START Supplied information
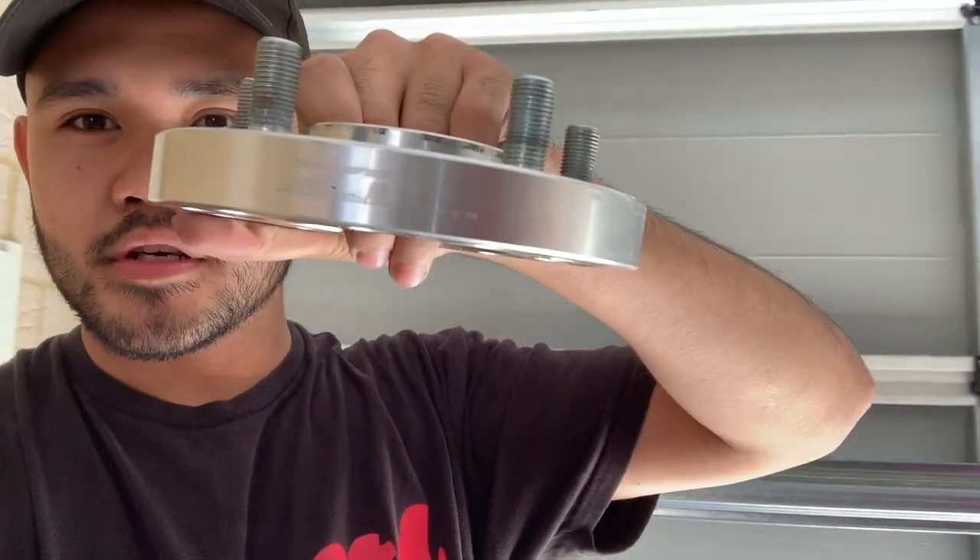Hey, what's going on guys, welcome back to the channel. It's been a year since I did my rear spacers on the car. I finally got front spacers for the G70Z — yes, I finally got 20mm spacers for the fronts. I got the Z1 Motorsports ones. Anyway, I'm going to be installing them today and finally everything is going to be flushed after a year.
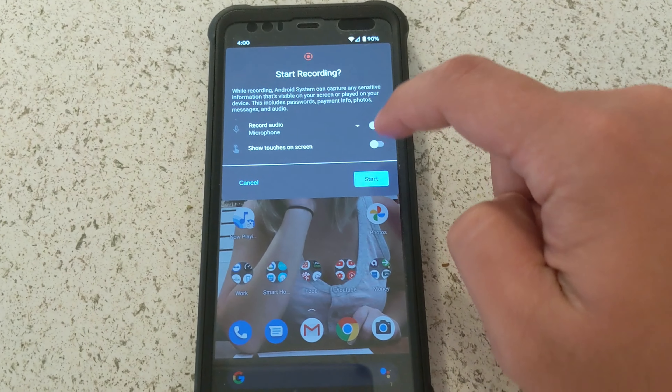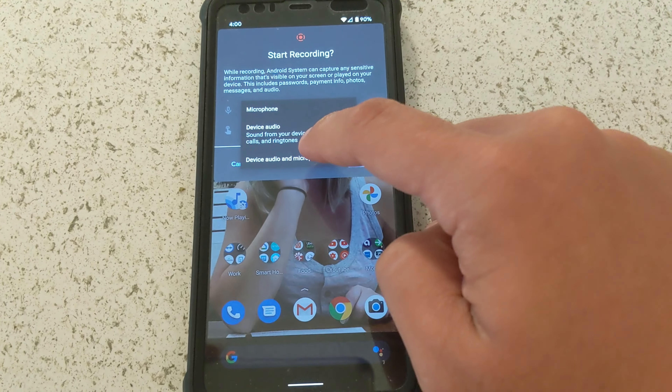If you swipe down, go over, start your recording, and select...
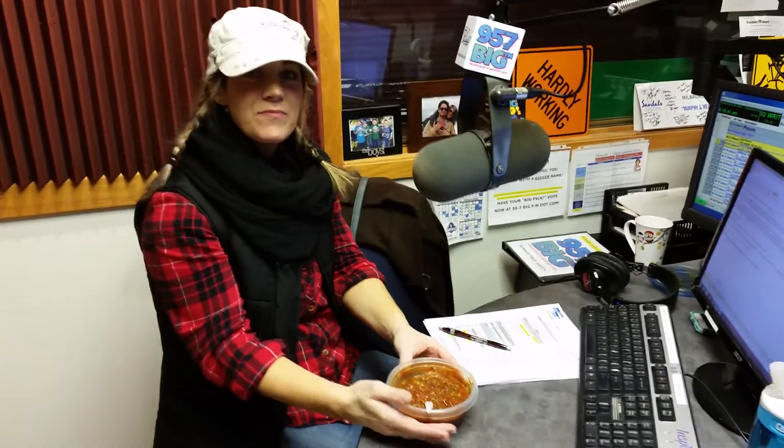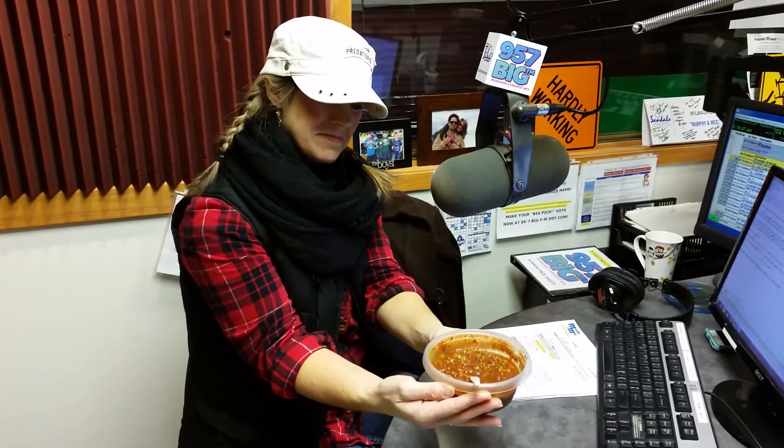All right, here it is. The moment of truth. Murphy's secret chili recipe revealed after 20 years of being in my own head.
END Supplied information
▸ **Exercise**:
All of the data above needs to be retyped exactly, with the pictures removed.

▸ **Exercise output**:
Hey, what's going on guys, welcome back to the channel. It's been a year since I did my rear spacers on the car. I finally got front spacers for the G70Z — yes, I finally got 20mm spacers for the fronts. I got the Z1 Motorsports ones. Anyway, I'm going to be installing them today and finally everything is going to be flushed after a year.
If you swipe down, go over, start your recording, and select...
All right, here it is. The moment of truth. Murphy's secret chili recipe revealed after 20 years of being in my own head.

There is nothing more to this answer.